Starting with the line where "Bayside 16-oz. Double Wall Tumbler w/Lid" appears, print every line through the end of the entries below exactly as it stands, and leave out the pictures.

**Data under study:**
───
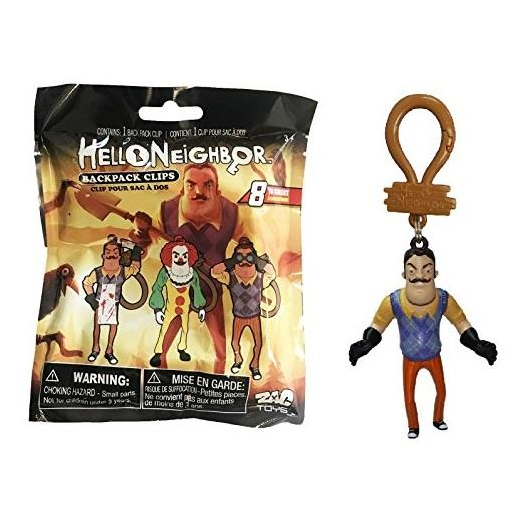 hello neighbour pop figures
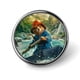 thumbnail image 1 of Paddington en Perú-Theme Round Button Badge: Premium Metal Construction, Ideal for High-End Events 2.8 cm, 1 of 6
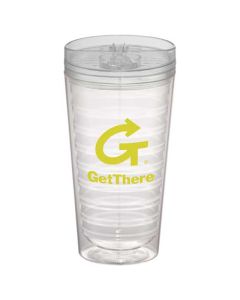 Bayside 16-oz. Double Wall Tumbler w/Lid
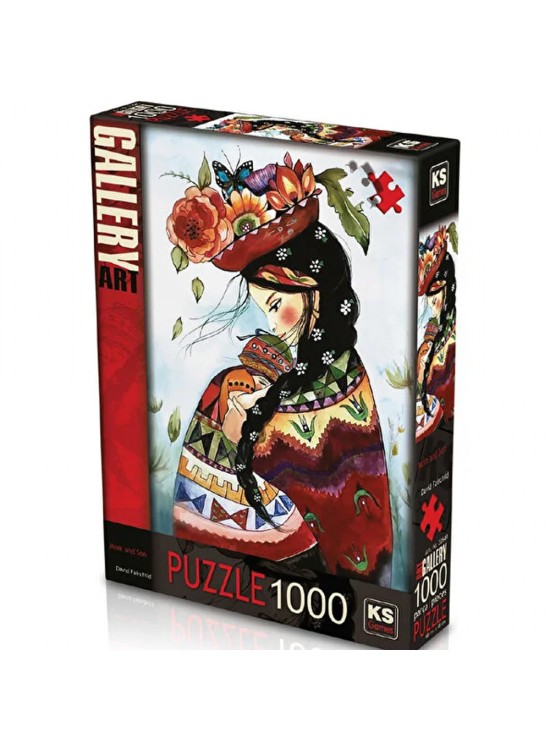 Ks Games Puzzle 1000 Parça Mom And Son 20778 Ks Games Puzzle 1000 Parça Mom And Son 20778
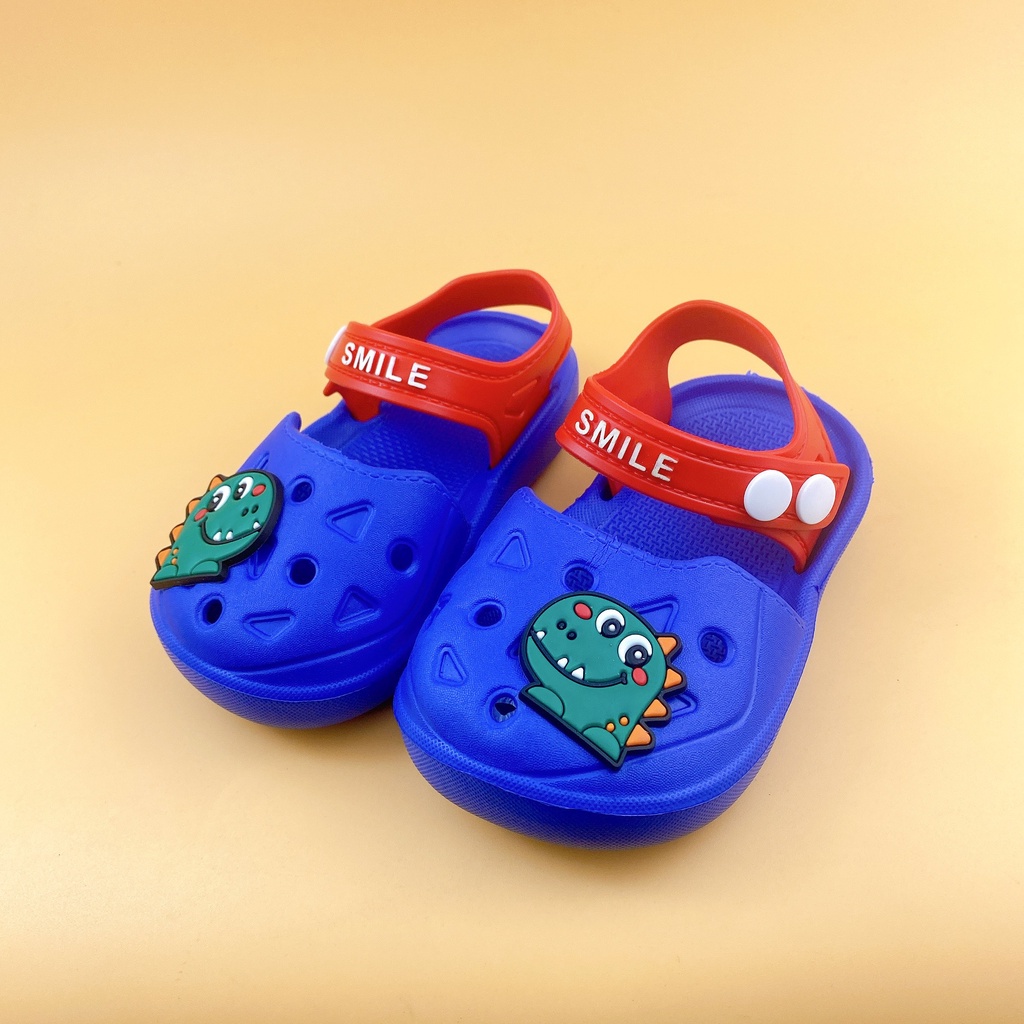 Dép quai hậu cho bé, sandal Smile 3902 siêu nhẹ đế chống trơn trượt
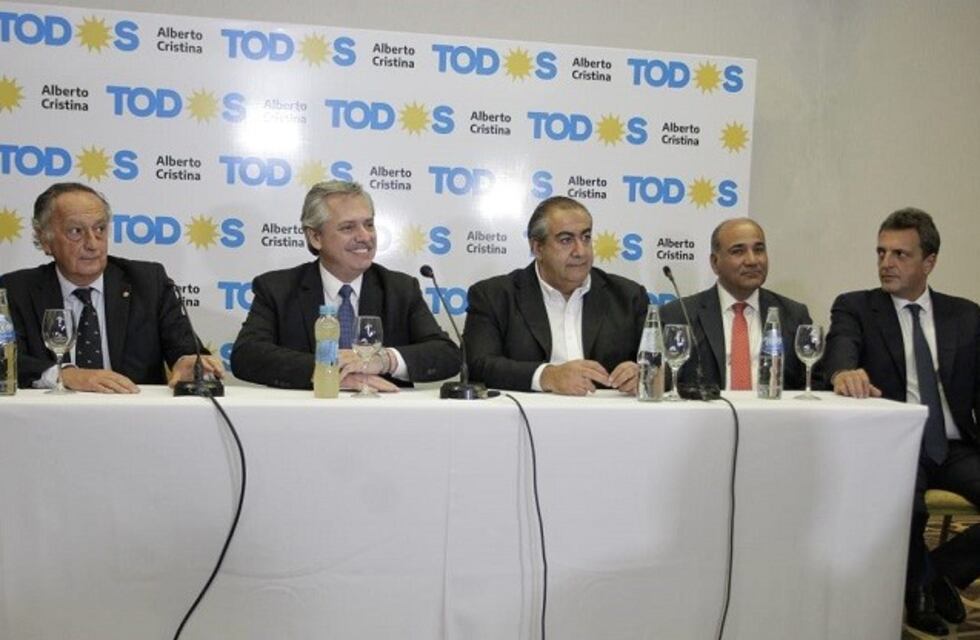 La reunión entre Fernández, Acevedo y Daer en Tucumán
───
**Answer to the problem:**
 Bayside 16-oz. Double Wall Tumbler w/Lid
 Ks Games Puzzle 1000 Parça Mom And Son 20778 Ks Games Puzzle 1000 Parça Mom And Son 20778
 Dép quai hậu cho bé, sandal Smile 3902 siêu nhẹ đế chống trơn trượt
 La reunión entre Fernández, Acevedo y Daer en Tucumán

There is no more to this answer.